The Thoroughbred racing landscape is coming back to life with the depth of a 1960s movie in Cinemascope. The New York Racing Association jump-started its racing calendar June 3, and racing re-broke from the gate at Laurel Park May 30. Monmouth Park in New Jersey has been cleared for a July 3 start. The graded stakes action at Churchill Downs since that track reopened has proved to be deep and wide.
Having been closed to shelter in place since mid March due to the COVID-19 pandemic that gripped the planet, the Thoroughbred industry, like many other businesses, has had to push present plans to the late summer and fall, compressing delayed events into an already full autumn schedule.
Keeneland has been awarded dates in July, and the Lexington track plans on a stakes-packed weekend anchored by the Toyota Blue Grass Stakes (G2) July 11, which is just three weeks after the Belmont Stakes (G1) and three days after the Indiana Derby (G3) at nearby Indiana Grand.
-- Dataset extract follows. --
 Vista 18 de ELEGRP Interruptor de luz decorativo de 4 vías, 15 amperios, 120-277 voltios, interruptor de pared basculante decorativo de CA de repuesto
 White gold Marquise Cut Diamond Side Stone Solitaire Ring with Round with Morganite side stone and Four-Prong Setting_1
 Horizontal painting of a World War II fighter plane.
The Ohio Derby (G3) has been set for June 27, and the $1 million TVG.com Haskell Stakes (G1) is on the docket for July 18.
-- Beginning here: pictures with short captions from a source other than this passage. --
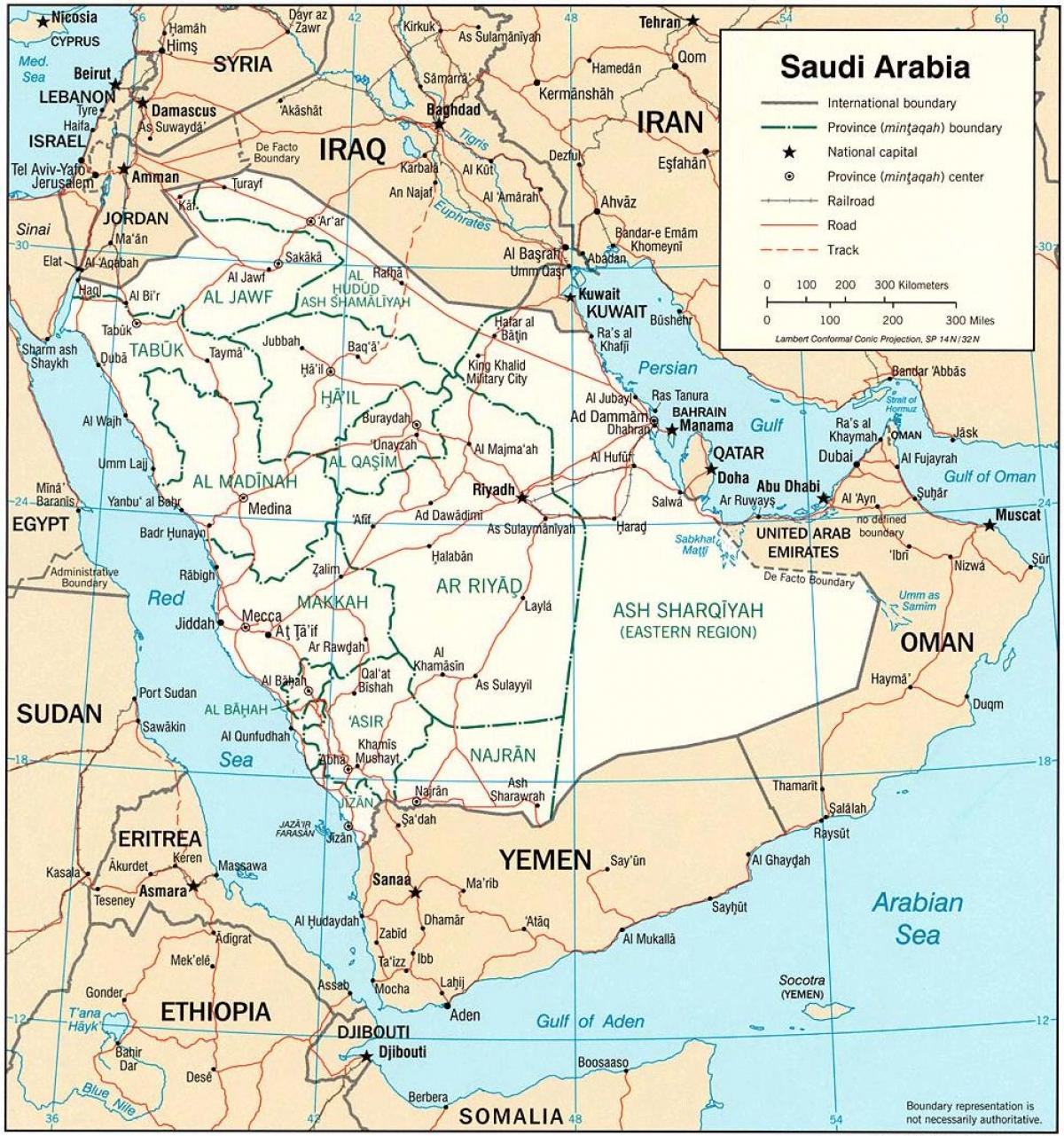 Térkép Szaúd-Arábia politikai
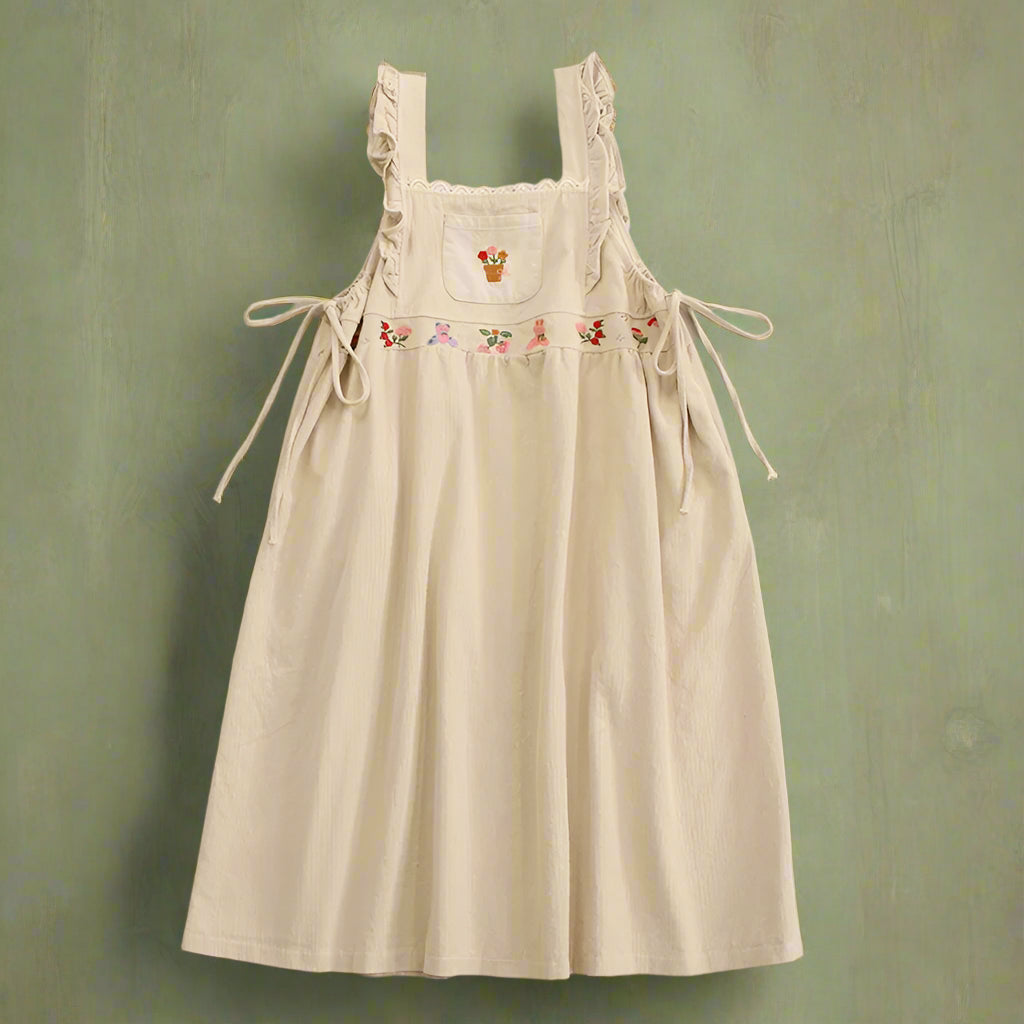 Mori Girl Sleeveless Embroidered Apron Dress cottagecoreclothes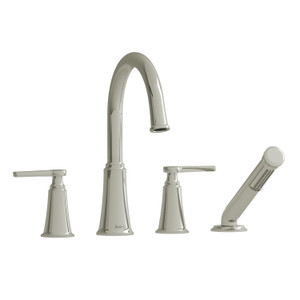 Momenti™ 4-Hole Deck Mount Tub Filler With C-Spout - Polished Nickel | Model Number: MMRD12JPN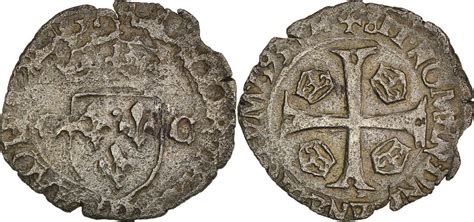 France Douzain 1593 Lyon Coin, Henri IV, Lyon, Billon, Sombart:4412 VF ...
We’re unclear of the situation at Saratoga, but working under the assumption there will be racing in upstate New York this summer, that would add the Jim Dandy Stakes (G2) and Travers Stakes (G1) to the mix to be run by early August to complement the Run for the Roses at Churchill Downs in early September. That’s a lot on the line in the Midwest and East Coast for the 3-year-old glamour division in a two-month window.
As we reported in last week’s 2-year-old sales guide, the top-line 2-year-old sales season has been compressed into June and July in Florida and Maryland. As for the yearling sales, the driver of the industry’s commercial market, the major sales calendar doesn’t get a breather this fall.
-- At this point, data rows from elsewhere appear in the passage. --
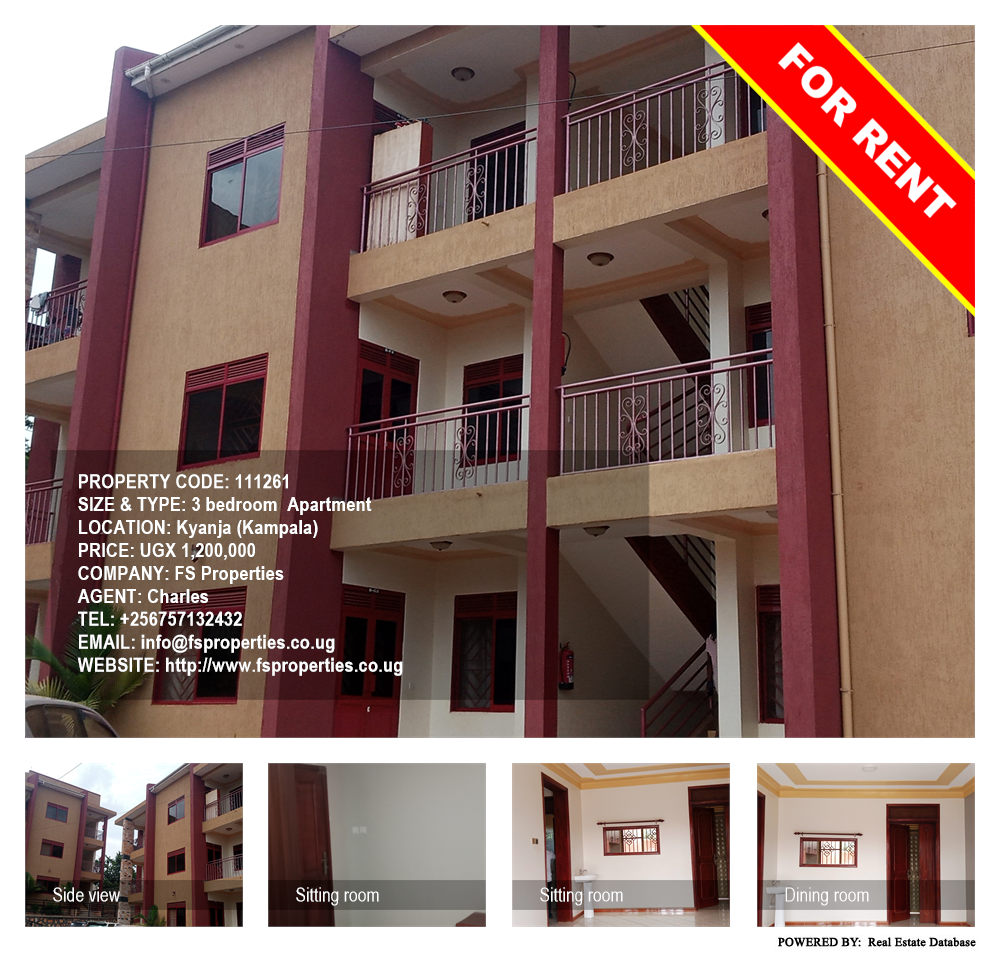 3 bedroom Apartment  for rent in Kyanja Kampala Uganda, code: 111261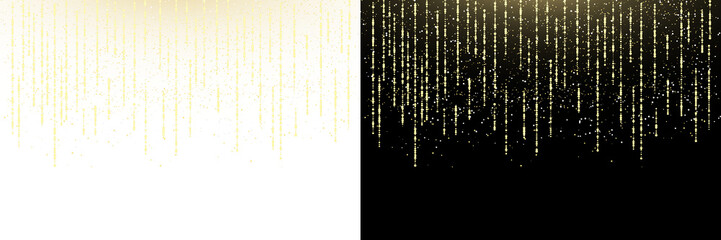 Luxury golden glitter strands with sparkling confetti and glowing bokeh particles cascading over a black background. Shimmer texture with twinkling stars, festive lights, PNG holiday decoration  © Thuin_prodesign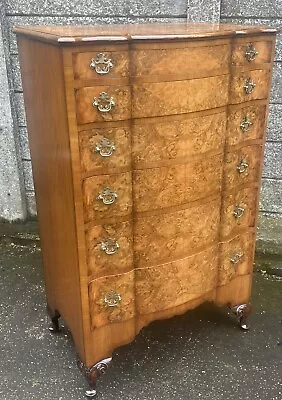 Rare Tall Walnut Art Deco Serpentine Chest Of Drawers Amazing Veneers We Deliver • £1865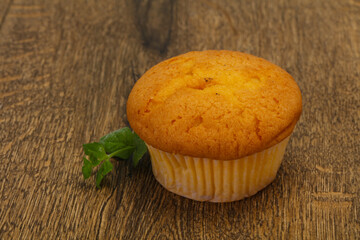 Sweet tasty muffin served mint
Following August yearling sales in Washington, Minnesota, and Texas, yearlings will be sold in Kentucky, either at Fasig-Tipton or Keeneland from Sept. 9-10, Sept. 14-26, and Oct. 26-29. Sandwiched in between are the Fasig-Tipton Midlantic sale Oct. 5-6 and the Ocala Breeders’ Sales’ select sale Oct. 6 and its open sale Oct. 13-15.
That compressed slate, essentially eliminating July and August from the calendar, will apply pressure on buyers, sellers, and sales company employees alike.
Other factors are at play as well.
The COVID-19 situation has put a stranglehold on travel, especially international travel, with many nations having placed travel bans.
The great news is the product—well-bred, well-conformed Thoroughbreds—remains a cherished commodity. However, if many buyers are unable to travel to the U.S., what effect will that have on the bottom line?
Despite sale companies beefing up their ability to sell horses online, not having the touch, feel, or a close eye on a horse might have an impact on purchases.
And those purchases will rely on buying power. Roiling markets and a substantial drop in commerce during the pandemic will play a part as will other factors, including the upcoming presidential election and the current unrest on the streets. The depth of buyers from South America might be hindered by the spike of the virus in Brazil and economic headwinds in Argentina. Buyers from Asia—Korea and Russia specifically—might have smaller numbers and smaller pocketbooks, which in the past has affected a big segment of the yearling market.
Breeders and consignors are concerned…and for good reason. The best lots attract the most attention and bring the top prices. The middle market, over the last few years, has been tenuous at best, but the bottom of the market is also vital for the business cycle. That figures to be a big concern for 2020 and might be a make-or-break proposition for many commercial breeders.
If those buyers who sweep up horses on the lower end of the spectrum are thin or missing from the sale, what is the bottom?
It will be hard to reach the ceiling if the seller doesn’t know where the floor is.